Elle proteste contre un contenu inacceptable

Pas de refus des discriminations, pas d’égalité
hommes-femmes, ni de travail égal, salaire égal, pas de
droit au logement, etc. C’est trop et cela vide de sens la
continuation d’une discussion sur cette nouvelle constitution.

Elle sanctionne le mépris du travail pendant un an en commissions

La majorité des thèses balayées avaient
été acceptées en commissions à
l’unanimité ou à une large majorité. Or il
est vrai qu’on a le droit de changer d’avis, mais quand
tous les repré­sen­tant·e·s de la droite
tournent leur veste au même moment et de manière
concertée, cela signifie deux choses :

• D’une part, une reprise en main de ses troupes par la
droite unifiée, gommant toute différence entre les
soi-disant centristes du PDC, le MCG prétendument social mais
profondément xéno­phobe et l’UDC qu’il
n’est plus nécessaire de qualifier, tout cela sous la
conduite des radicaux-libéraux. Pas une seule voix discordante
ne leur a manqué pour chaque vote ;

• D’autre part, cette facilité de tourner sa veste
entre commissions et plenum pose forcément la question :
est-ce que la droite a délibérément choisi en
commissions d’être relativement ouverte, d’accepter
un débat assez correct et des compromis, sachant que tout cela
ne comptait guère et que les choses sérieuses
commençaient avec les plénières? Si elle pensait
ainsi nous endormir, eh bien c’est raté, elle s’est
surtout décrédibilisée et a renforcé notre
colère.

Elle stigmatise un fonctionnement anti-démocratique.

Concernant l’amendement présenté par le MCG et
supprimant 14 thèses définissant pour l’essentiel
des droits sociaux, chaque représentant des groupes de droite a
déclaré en séance le soutien de son groupe
à celui-ci. En d’autres termes, cet amendement avait
été débattu entre tous les groupes de droite,
leurs caucus (réunions des groupes préparant les
plénières) avaient approuvé cette alliance, et
tout cela quelques jours avant la plénière, ce
d’autant plus que cette dernière avait lieu le mardi
suivant le week-end de Pentecôte, et que la droite n’aime
pas sacrifier ses week-ends.

    Ceci signifie que non seulement il y a eu accord sur
le contenu, mais aussi sur le choix de déposer cet amendement en
dernière minute. Il a ainsi été découvert
par tous les constituant·e·s en début de
séance. Cacher jusqu’au dernier moment ses intentions sur
une question aussi importante que la suppression de 14 thèses et
empêcher littéralement jusqu’au débat public
de celles-ci relève d’une conception douteuse de la
démocratie.

Et la suite ?

Il faut rappeler que nous n’étions pas convaincus de la
nécessité d’écrire une nouvelle constitution
« à froid », craignant que le rapport
de force actuel favorise plutôt des régressions que des
progrès.

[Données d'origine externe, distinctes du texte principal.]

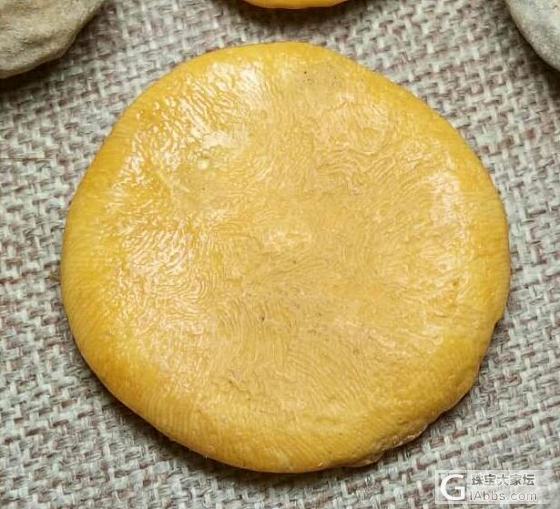 这种黄色小饼干一样的石头，是什么石？_玉石
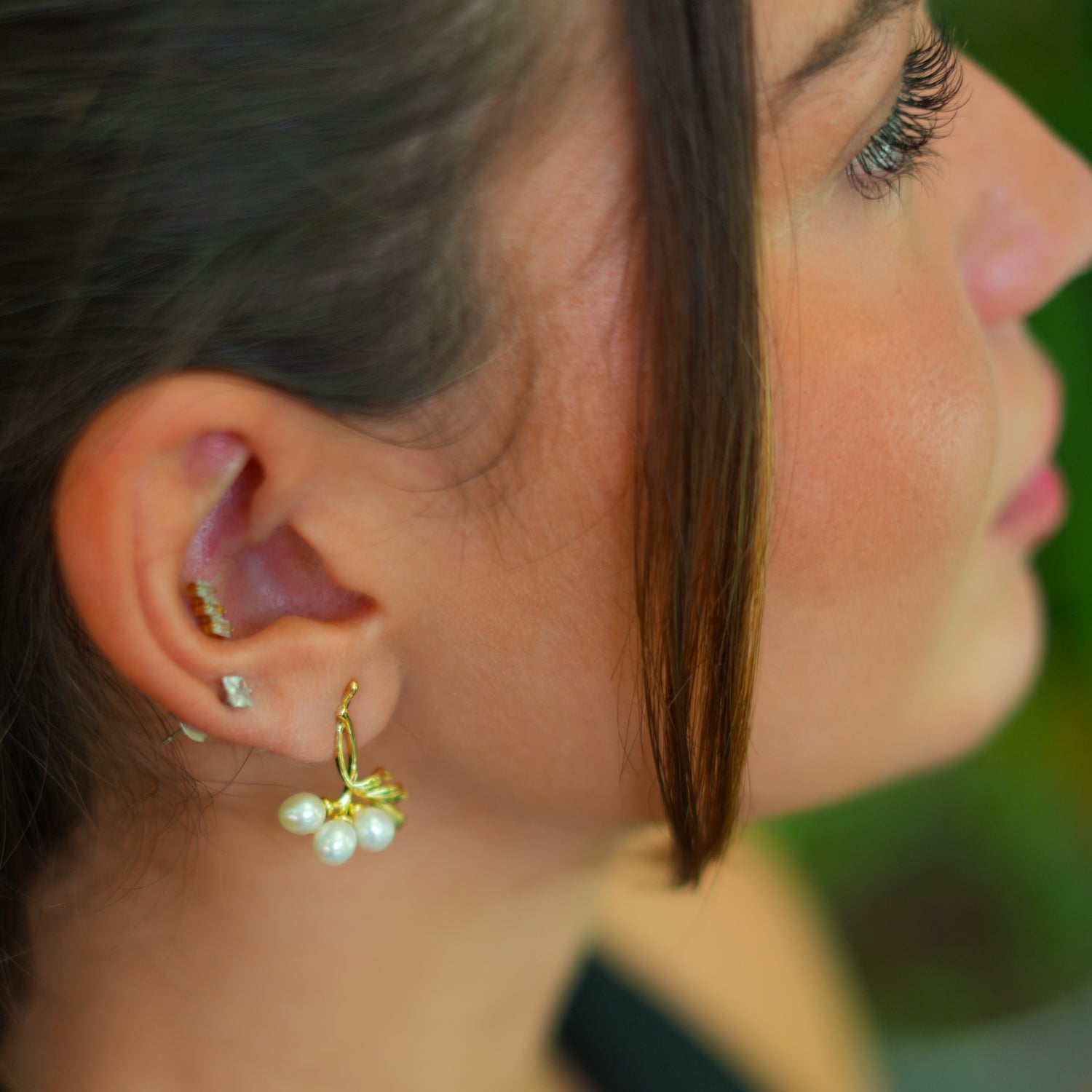 Bridal Pearl & Gold Dangle Earrings - Gold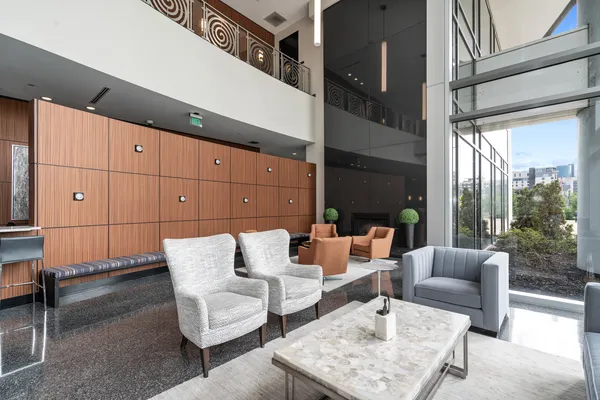 $2,350 | 335 Bridge Street Northwest, Unit 1705, Grand Rapids, MI 49504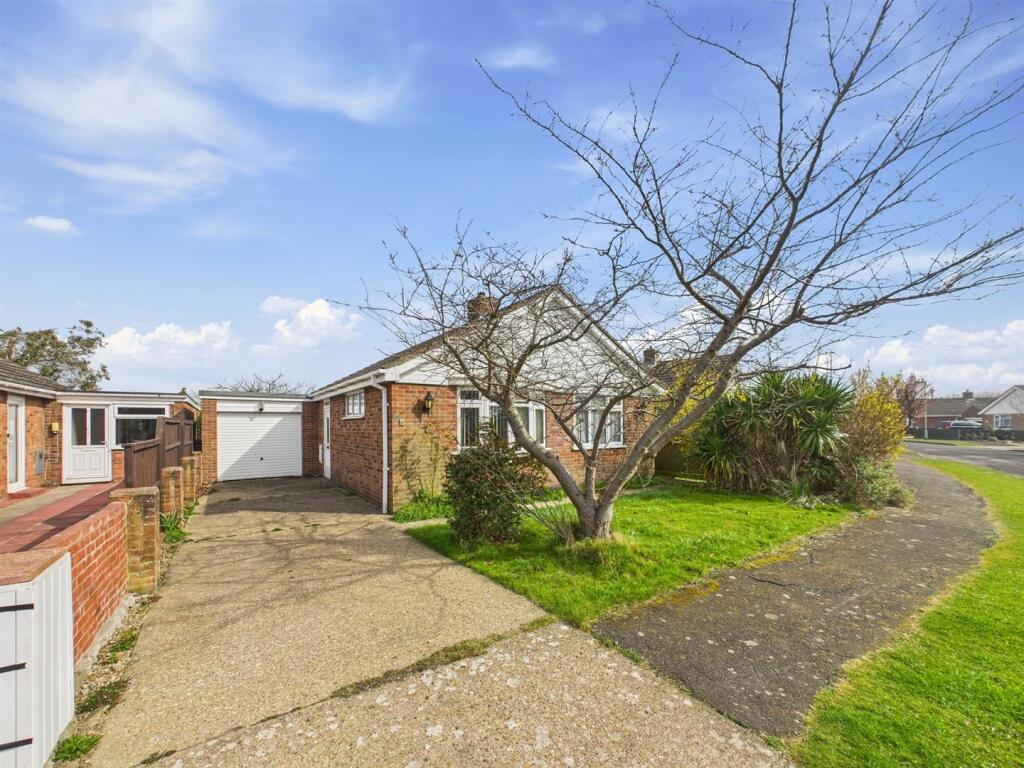 3-bed bungalow on Lansdowne Drive, Sutton-On-Sea, £230,000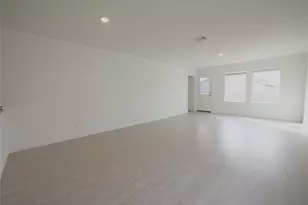 337 Rancho Del Cielo Loop, Jarrell, TX 75637 - Photo 3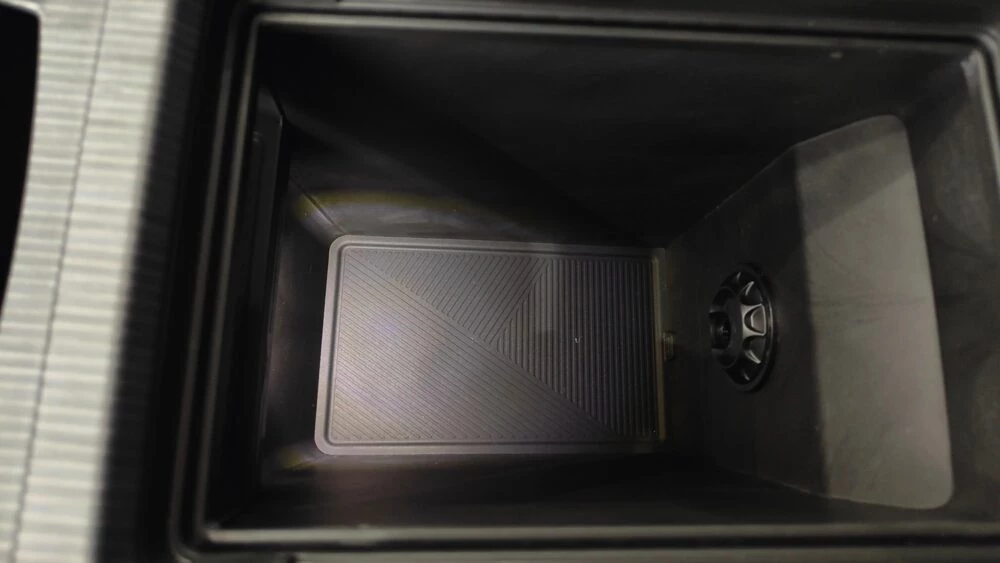 Jaecoo J7 Мишин бокс в подлокотнике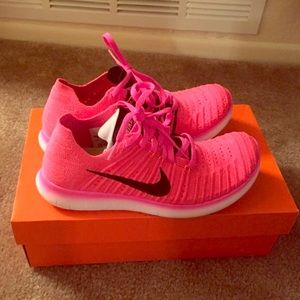 Nike Free RN flyknit Women. Final price!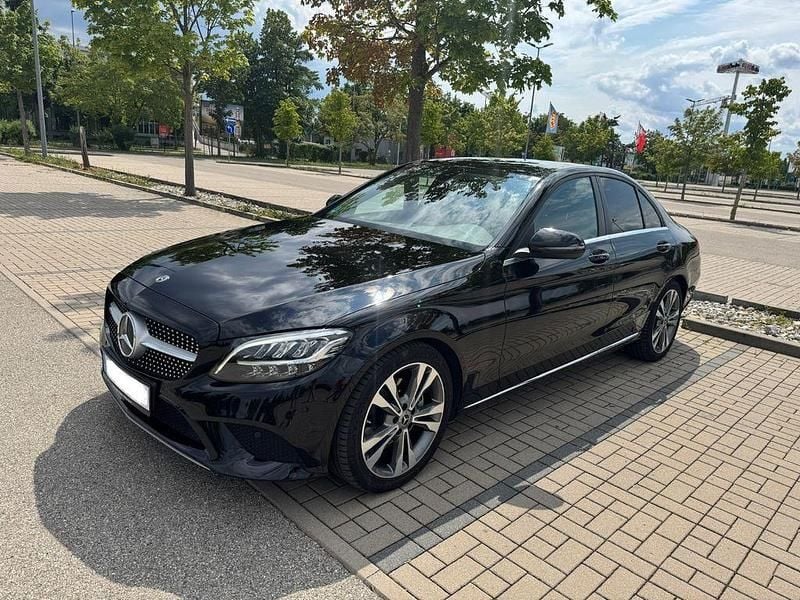 Schwarz Gebraucht 2018 Mercedes C200 Business Limousine | 20.600 € (Fairer Preis) - Bild 1/4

Les derniers événements semblent
malheureusement nous donner raison. Toutefois, une Constituante
étant décidée et élue, le groupe
solidaritéS s’y est engagé pour défendre des
avancées des droits politiques, sociaux et environnementaux.

    On pouvait s’attendre à ce que la
droite ne nous suive guère sur ce terrain, cependant sa pratique
récente ne peut que conduire à un surprenant sabordage du
projet de nouvelle Constitution et à un vote populaire
négatif auquel nous appellerions évidemment. On peut en
effet vivre avec la Constitution actuelle en se battant pour
l’amender par voie d’initiative populaire.

    Pour que la poursuite des travaux de la Constituante
garde un sens quelconque, il faut que la droite accepte le respect des
travaux de commission, la tenue effective d’un débat
public et démocratique sur ces thèses et qu’elle
respecte les besoins fondamentaux de la population.